The crisis of energy as it relates to fossil fuels cannot be addressed without resisting the crisis of energy as it relates to intensity, since the energy price rises and the runaway heat are consequences of a system that drives desire towards consumption and that is premised on war. The problem is that the massifying power of consumerism syphons intensity and redirects it into enthusiasm for fossil capital. Andreas Malm (2016: 361) describes how this works: every time someone fills up the car or fires up the stove, they are interpellated as subjects of fossil capital. The fight against the multiple crises of energy falters because identities have now become bound up with fossil fuels, locking in the carbon infrastructures of a system that produces too much heat (Murphy, 2015). An excitation towards averting climate change is cut off by a system that redirects that energy into consumption, possible precisely because that system has no place for care (for the other, for the planet, which is the same thing). At its heart, as Malm sets out, fossil capital describes a system that is not invested in the planet, entirely extractive, taking oil and gas and coal from the earth, breaking free of the energy of the winds and the sea and the sun, and transporting those fossil fuels around the world so that production can be moved to where cheap labour can be exploited. The result is reliance on harmful sources of energy that are subject to immense market volatility – as any chef in the United Kingdom receiving an energy bill in 2022 could attest.
The transportation of commodities around the world aboard great polluting superliners is also fuelled by intensity turned against itself in a global consumerist system. Desire is directed through logistical routes that turn this intensity into an enthusiasm for the dominance of supply chains. With the desire to consume avocados or coffee or tropical fruits, an enthusiasm for the exotic is trapped in an unstable system for the global movement of things. Logistics is not without its ideology, its misrepresentation of the world as a smooth surface for the conveyance of goods and the satisfaction of drives (Hill, 2024b). But since those drives are satisfied, since at the end of the journey of the commodity, there is its consumption, and since the consumption of the right things is now normative if not doxic, this smooth fiction – absent slavery and violence and pollution – is itself satisfying, to the extent that the message delivered along with the goods is endorsed. Deborah Cowen (2014) argues that the routes of logistics map out a contemporary imperialism, an extension of the ruthless extraction of natural resources and the violent penetration of markets found in earlier colonial projects.

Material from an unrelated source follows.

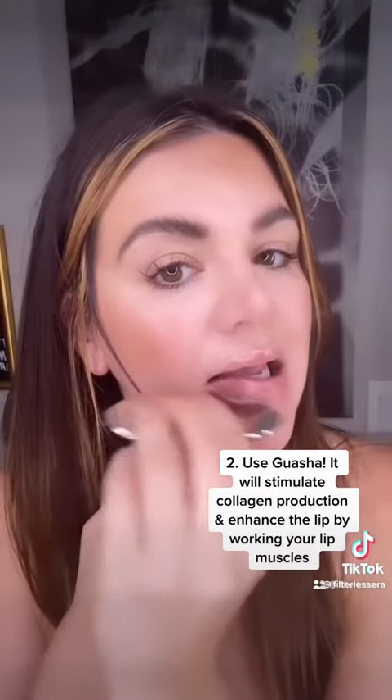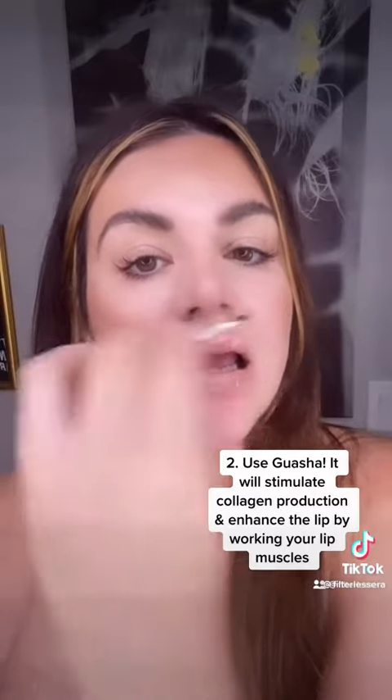Tip number two: use Gua Sha. It's going to stimulate collagen production and enhance your lips by working out your lip muscles. I'm using the Detailer Stainless Steel Gua Sha by Filterless Aera, focusing on the combed edge when I go around my lips for extra stimulation. Then use this side to really press down on the lip muscles. The more often you do this practice, the longer your results will last. I love doing this before a night out.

And wherever there is imperialism, there is military power to protect it. The great powers then bump against each other uneasily along these shipping routes, constantly on the brink of conflict. The economy is always now a war economy, and the energies routed into consumerism can soon be found at war.
This is then a war economy that comes home in many forms, but most critically here, via pipelines and supply chains, as the near collapse of the food service sector in the United Kingdom in conditions heated by the same means.
Method
Interviews were conducted from the hot, dry August of 2022 through to February 2023, finishing as news was breaking via The Caterer of the dire state of the wider hospitality sector in the United Kingdom.

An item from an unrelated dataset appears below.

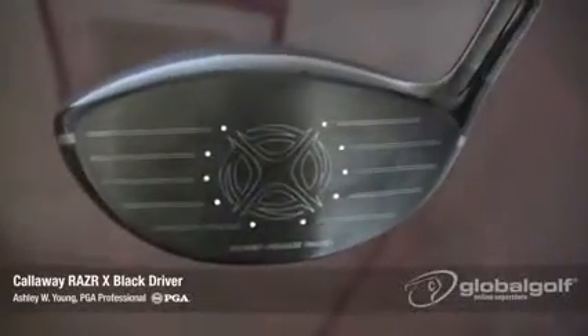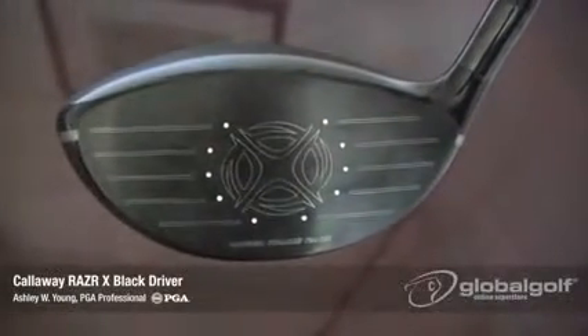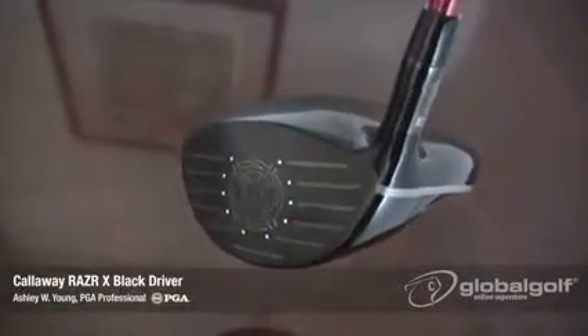Callaway has incorporated speed frame face technology in the face. This technology creates exacting thicknesses across the face, allowing again for precision weight placement throughout the club. All of this is going to help you launch the ball with more ease.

In total, there were ten interviews with twelve participants: eleven chefs (of whom ten were chef-owners) and one owner (interviewed alongside the chef and co-owner of their establishment). The research participants worked in small enterprises ranging from restaurants to bistros to cafes to pop-ups and (since this was post-lockdown) one cooking out of a home kitchen for collection, all in North East England. This is a region that has most starkly seen its industry replaced with service, in particular in the form of retail, hospitality and logistics (Maddock-James, 2023) – offering an acute localised example of the shift to unproductive capitalism. The main criteria for participation were that those interviewed had control over the sourcing of produce, menu design and the preparation of dishes. The research received ethical approval from the institutions of both authors. Participants were then approached via social media and email. Reflective of the dominance of men in ownership and cheffing positions, eight of the participants were men, three women and one non-binary.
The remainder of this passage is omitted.